X, y = load_wine(return_X_y=True)
X_train, X_test, y_train, y_test = train_test_split(
    X, y, test_size=0.25, random_state=42
)

clf = RandomForestClassifier(
    n_estimators=300,     # more trees, more stable votes
    max_features="sqrt",  # feature randomness at each split
    random_state=42,
)
clf.fit(X_train, y_train)
print(f"Accuracy: {clf.score(X_test, y_test):.3f}")

# Which features actually mattered?
for name, imp in sorted(
    zip(load_wine().feature_names, clf.feature_importances_),
    key=lambda t: t[1], reverse=True,
)[:5]:
    print(f"{name:25s} {imp:.3f}")

Feature importance (with a caveat)

That feature_importances_ attribute is a lovely freebie. The forest tracks how much each feature reduced impurity across all its splits and reports the totals: a quick ranking of what drove the predictions. Just don’t worship it blindly. This default (impurity-based) importance is biased toward high-cardinality features like continuous numbers or IDs, and it can mislead when features are correlated. When the stakes are real, reach for permutation importance instead, which measures how much accuracy drops when you scramble a column.

The trade-offs, honestly

Forests are the reliable workhorse of tabular machine learning: accurate out of the box, robust to outliers, indifferent to feature scaling, and refreshingly hard to overfit. The price is interpretability and size. A single tree you can print and read aloud; 300 trees are a black box you query, not a flowchart you follow. They’re also heavier to store and slower to predict.

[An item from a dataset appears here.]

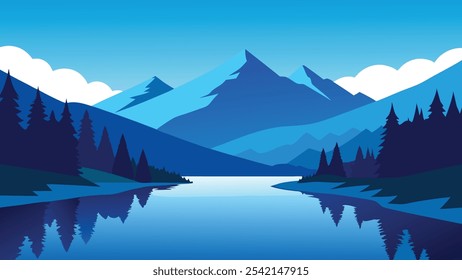 blue mountain landscape featuring a tranquil lake surrounded by lush green trees..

The takeaway: when you have tabular data and want a strong baseline with almost no fuss, start with a random forest, leave the defaults mostly alone, bump n_estimators up a bit, and read off feature_importances_ for a first look at what matters, then confirm the important features with permutation importance before you bet anything on them. One tree is a clever guesser; a forest is a wise committee, and the committee almost always wins.